By Baz Bamigboye
Eva Green will play a troubled soul at the heart of a psycho-sexual drama series that may be too ‘adult’ for a mainstream British television channel.
The actress, who stars in Casino Royale and in forthcoming blockbusters Sin City: A Dame To Kill For, and 300: Rise Of An Empire, is the leading lady in Penny Dreadful, a Gothic TV drama from the pen of John Logan, who wrote Gladiator and Skyfall.
Penny Dreadful is set in London in 1891 and focuses on supernatural characters — Frankenstein’s monster, Dracula, Dr Jekyll and Mr Hyde — who link up with Eva’s character Vanessa Ives.

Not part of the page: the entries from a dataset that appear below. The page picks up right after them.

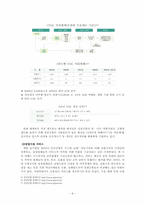 [서비스경영] 한국 공항의 성공과 실패 -인천공항과 대구공항의 비교-8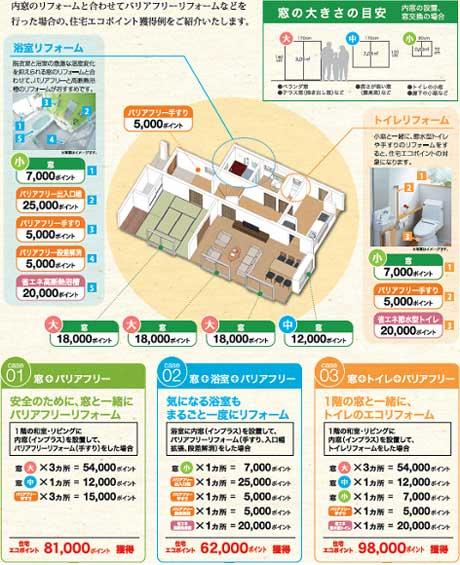 「住宅エコポイント ガイドブック」掲載例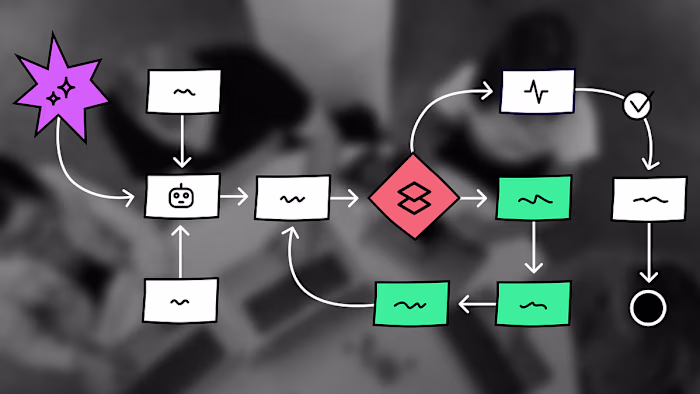 Reshaping productive workflows— integrating UX and AI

Logan said that because so much of the series is built around a female protagonist and set against a perception of repression in Victorian society, ‘we have a fair amount of frank sex’.
‘To be sexually empowered was outlaw behaviour in Victorian England,’ he added.
Josh Hartnett plays Ethan Edwards — the sole American in the series, who is named after John Wayne’s character in The Searchers.
‘He’s been touring with a Wild West show but quickly leaves that and becomes embroiled with Vanessa and the other characters,’ Logan said.
Once Sam Mendes and Pippa Harris from Neal Street Productions and the American Showtime channel linked up with Logan, the writer started walking through London’s Victorian haunts like ShadThames and Highgate Cemetery to get a feel for the city of Mary Shelley, Bram Stoker, Robert Louis Stevenson and Oscar Wilde (whose The Picture Of Dorian Gray was also an influence).
Logan, who will also executive produce the series with Mendes and Harris, said he hoped the show would make viewers jump out of their skin. ‘We’re going to go “Boo!” in a way we hope people haven’t experienced.’
But he said he wanted to look beyond the horror of supernatural creatures. ‘I think the reason people remember Frankenstein’s creature is not because of the monster’s make-up; it’s because there’s so much heartbreak behind his eyes, real pathos,’ he mused.
The writer also suggested one of the reasons we still read the Dracula and Frankenstein novels is because we identify with the misshapen creatures.
‘That goes to the heart of Penny Dreadful. The creatures all feel alienated, and they all want a mate,’ Logan told me, as we sipped ice-cold drinks at the Covent Garden Hotel.
He cited Mary Shelley’s physical and psychological state when she wrote Frankenstein. She’d had a miscarriage and was ‘dealing with the issues of being a woman, a mother, burying her child, and what her body was doing’.
‘All those stories are ripe with sexual connections,’ he said. ‘Certainly Dorian Gray is. In 2013 we can dramatise them. If the character is motivated by desire, whether it’s violent, sexual, erotic or romantic, then we can dramatise it.’
Shooting begins in October on locations in the UK. The programme will be shown in Britain but may be too adult for mainstream ITV and BBC channels. Maybe it will find a home on cable or satellite channels, as it has in the U.S. on Showtime.
There are five other main characters still to be contracted.
One thing’s for sure: it will look extraordinary. Jonathan McKinstry, who worked on Kenneth Branagh’s Frankenstein film and TV’s The Borgias, will be production designer. And Oscar-winning Gabriella Pescucci will design the costumes.